▶ [Exercise brief]: Retype the data below exactly, skipping pictures.

▶ [Records supplied]:
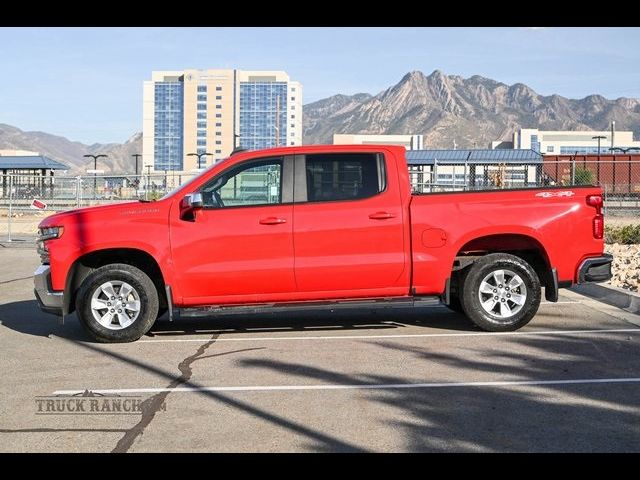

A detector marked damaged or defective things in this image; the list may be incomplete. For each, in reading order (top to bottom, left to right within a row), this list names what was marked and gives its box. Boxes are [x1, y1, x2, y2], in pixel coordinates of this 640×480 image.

parking lot crack [111, 334, 219, 454]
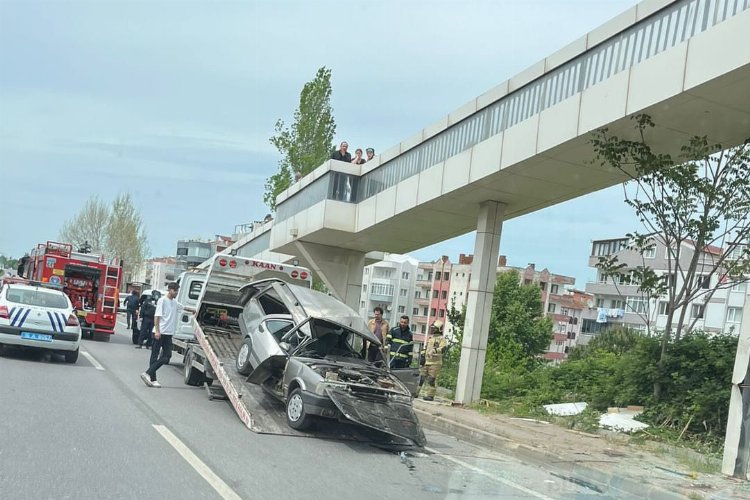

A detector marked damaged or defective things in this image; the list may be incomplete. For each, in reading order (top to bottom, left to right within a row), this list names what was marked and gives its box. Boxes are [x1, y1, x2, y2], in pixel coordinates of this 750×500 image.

crashed silver car [235, 278, 426, 446]
damaged car [235, 278, 426, 446]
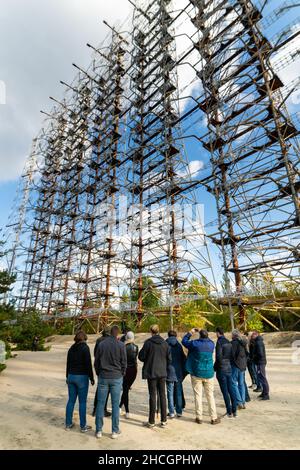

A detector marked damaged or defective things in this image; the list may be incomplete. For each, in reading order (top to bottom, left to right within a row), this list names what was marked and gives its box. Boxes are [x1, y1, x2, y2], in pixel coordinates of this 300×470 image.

▶ [Task answer]:
A detector marked damaged or defective things in this image; the list may be incomplete. For each, in reading order (top to bottom, left to right within a row), this list names what was marked and gives its box. Boxes are [x1, y1, x2, y2], in pixel coordinates of this 640×480 image.

parking lot crack [111, 334, 219, 454]

A detector marked damaged or defective things in this image; the list may be incomplete. For each, in reading order (top to bottom, left to right within a row), this list names what was marked and gives its box. Boxes are [x1, y1, x2, y2], in pixel coordinates of this 750×500 image.

crashed silver car [235, 278, 426, 446]
damaged car [235, 278, 426, 446]

A detector marked damaged or defective things in this image; the list may be incomplete. For each, in reading order (top to bottom, left to right within a row), this list names what was marked and gives its box. Boxes are [x1, y1, x2, y2], in pixel coordinates of this 300×470 image.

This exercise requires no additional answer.